Historically, the National Cholesterol Education Program’s goal to reduce morbidity and mortality caused by ASCVD relied on accurate and precise measurement of the lipid profile. In response to the need to improve cholesterol measurement, the CDC created the Cholesterol Reference Method Laboratory Network to ensure that manufacturers of diagnostic products in meeting the criteria of the National Reference System for Cholesterol (NRS/CHOL).39 The NRS/CHOL determines the methods and materials for cholesterol testing that are used by research laboratories, which may determine the American College of Cardiology and American Heart Association prevention guidelines for healthcare professionals on the treatment and management of blood cholesterol to reduce ASCVD risk.
Several of the CLIA-waived tests have demonstrated acceptable ranges of specificity and sensitivity when compared with test methods from the Clinical and Laboratory Standards Institute (CLSI).40 Many waived tests and devices are available for the testing of cholesterol that report results ranging from only total cholesterol to an entire standard lipid panel (eg, total cholesterol, high-density lipoprotein, low-density lipoprotein-calculated, and triglycerides). These tests and devices typically use finger stick capillary or venous blood samples and produce results within a few minutes. There are two common CLIA-waived POC test methodologies, one using combined enzymatic methodology and solid-phase technology and the other using reflectance photometry to produce results in minutes. The procedure manuals for each test provide guidance on proper specimen collection, handling, and quality control (QC) measures. Variants, including day-to-day or seasonal variations, can contribute to the accuracy of a cholesterol level.41,42 Common variants to consider in interrupting the POC test results include age, gender, diet and alcohol, exercise, medications, fasting, and pregnancy.41,42
Use in Pharmacy
A wide variety of CLIA-waived POCT devices measure blood chemistry in an outpatient setting. A blood chemistry analyzer uses a whole blood sample and can measure analytes, including ionized calcium, carbon dioxide, chloride, creatinine, glucose, potassium, sodium, and urea nitrogen. In addition, some CLIA-waived blood chemistry analyzers measure other analytes, including alanine amino transferase, aspartate amino transferase, albumin, total bilirubin, alkaline phosphatase, and total protein. Blood chemistry analyzers with these analytical capabilities can be used by a pharmacist practicing under a CPA or CDTM provisions in state regulations or statutes to determine liver and renal function values and assist with any appropriate medication dosing adjustments for chronic conditions, such as diabetes or cardiovascular disease.

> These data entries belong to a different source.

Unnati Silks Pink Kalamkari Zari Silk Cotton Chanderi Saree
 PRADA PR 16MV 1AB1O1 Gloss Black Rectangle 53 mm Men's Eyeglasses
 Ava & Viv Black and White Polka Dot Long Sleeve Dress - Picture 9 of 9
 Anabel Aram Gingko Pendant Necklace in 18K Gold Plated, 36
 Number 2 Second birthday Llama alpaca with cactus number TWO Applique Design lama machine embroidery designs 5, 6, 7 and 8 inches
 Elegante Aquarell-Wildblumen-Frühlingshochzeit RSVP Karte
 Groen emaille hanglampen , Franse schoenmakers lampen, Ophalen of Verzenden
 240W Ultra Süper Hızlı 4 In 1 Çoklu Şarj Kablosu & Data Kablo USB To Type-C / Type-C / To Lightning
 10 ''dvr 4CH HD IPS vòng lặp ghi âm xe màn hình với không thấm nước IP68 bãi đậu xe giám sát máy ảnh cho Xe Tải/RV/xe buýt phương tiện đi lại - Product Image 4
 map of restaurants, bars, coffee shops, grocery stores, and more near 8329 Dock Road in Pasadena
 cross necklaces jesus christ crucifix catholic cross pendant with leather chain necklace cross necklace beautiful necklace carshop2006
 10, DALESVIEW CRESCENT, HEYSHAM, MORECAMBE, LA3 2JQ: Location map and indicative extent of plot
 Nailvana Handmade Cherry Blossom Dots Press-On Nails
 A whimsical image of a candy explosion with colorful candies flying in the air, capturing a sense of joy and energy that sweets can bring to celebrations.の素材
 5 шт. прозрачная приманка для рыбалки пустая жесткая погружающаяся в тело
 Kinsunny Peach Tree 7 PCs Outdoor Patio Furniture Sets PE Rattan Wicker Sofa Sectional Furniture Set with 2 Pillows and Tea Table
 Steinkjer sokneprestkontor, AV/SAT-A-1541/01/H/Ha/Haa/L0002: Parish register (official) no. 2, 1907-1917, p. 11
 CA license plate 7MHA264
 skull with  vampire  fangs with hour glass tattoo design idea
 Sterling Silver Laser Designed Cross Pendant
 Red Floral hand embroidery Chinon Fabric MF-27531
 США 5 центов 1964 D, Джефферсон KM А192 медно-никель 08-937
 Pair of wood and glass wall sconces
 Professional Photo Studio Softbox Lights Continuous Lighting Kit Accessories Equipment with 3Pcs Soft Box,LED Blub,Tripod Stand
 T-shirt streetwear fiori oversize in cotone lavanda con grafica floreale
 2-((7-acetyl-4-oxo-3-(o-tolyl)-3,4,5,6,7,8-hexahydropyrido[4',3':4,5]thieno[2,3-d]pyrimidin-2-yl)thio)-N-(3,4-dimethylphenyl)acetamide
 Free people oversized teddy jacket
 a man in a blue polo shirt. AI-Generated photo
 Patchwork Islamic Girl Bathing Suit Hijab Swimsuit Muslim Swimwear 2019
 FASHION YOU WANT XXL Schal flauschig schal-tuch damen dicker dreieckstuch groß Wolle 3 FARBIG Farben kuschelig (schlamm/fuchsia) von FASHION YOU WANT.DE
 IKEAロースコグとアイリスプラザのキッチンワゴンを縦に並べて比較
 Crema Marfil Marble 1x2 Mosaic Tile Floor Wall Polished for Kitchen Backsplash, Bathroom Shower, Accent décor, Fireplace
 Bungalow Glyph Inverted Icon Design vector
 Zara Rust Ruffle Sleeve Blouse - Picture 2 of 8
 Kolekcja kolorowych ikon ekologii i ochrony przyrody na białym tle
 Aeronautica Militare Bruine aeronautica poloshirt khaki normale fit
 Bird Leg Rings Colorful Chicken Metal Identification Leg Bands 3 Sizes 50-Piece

Many medications are used in the management of chronic diseases that can lead to electrolyte imbalances. Additionally, most medications’ pharmacokinetics are impacted by renal and/or liver function. Blood chemistry panels, such as a complete metabolic panel, can assist pharmacists in understanding a patient’s renal and liver function to adjust or monitor the safety of these medications. CLIA-waived POC platforms for blood chemistries have multiple panels, not all of which are CLIA-waived. Measuring blood chemistries in real time can enable the pharmacist to adjust the medications accordingly. It is important that pharmacists understand the performance characteristics of these tests, reference guidelines, and ranges when discussing results and determining the appropriate time to refer patients to their primary care provider.
Determining Appropriate Testing Candidates
Patients under the supervision of a pharmacist for chronic disease management (eg, hypertension, diabetes) require routine blood chemistry monitoring to ensure the safety and efficacy of their medications. Pharmacists should consult relevant national guidelines and perform necessary basic assessments to determine when to use these tests in the appropriate patient.
Application of Blood Chemistries Point-of-Care Testing in Practice
Many medications on the market require renal or hepatic dosing adjustments as a patient’s renal or liver function declines. Assessing a patient’s renal and hepatic function at the POC allows a pharmacist with a CPA/CDTM agreement to adjust the medication dose or modify a patient’s treatment to provide safe pharmacological treatment.43 Several chronic disease medications (eg, diuretics, angiotensin converting enzyme inhibitors) can impact a patient’s electrolytes. To safely start and modify these medications, it is essential to assess the patient’s electrolytes before and after. Using POCT to monitor the electrolytes allows the pharmacist to make real-time decisions and adjust medications accordingly.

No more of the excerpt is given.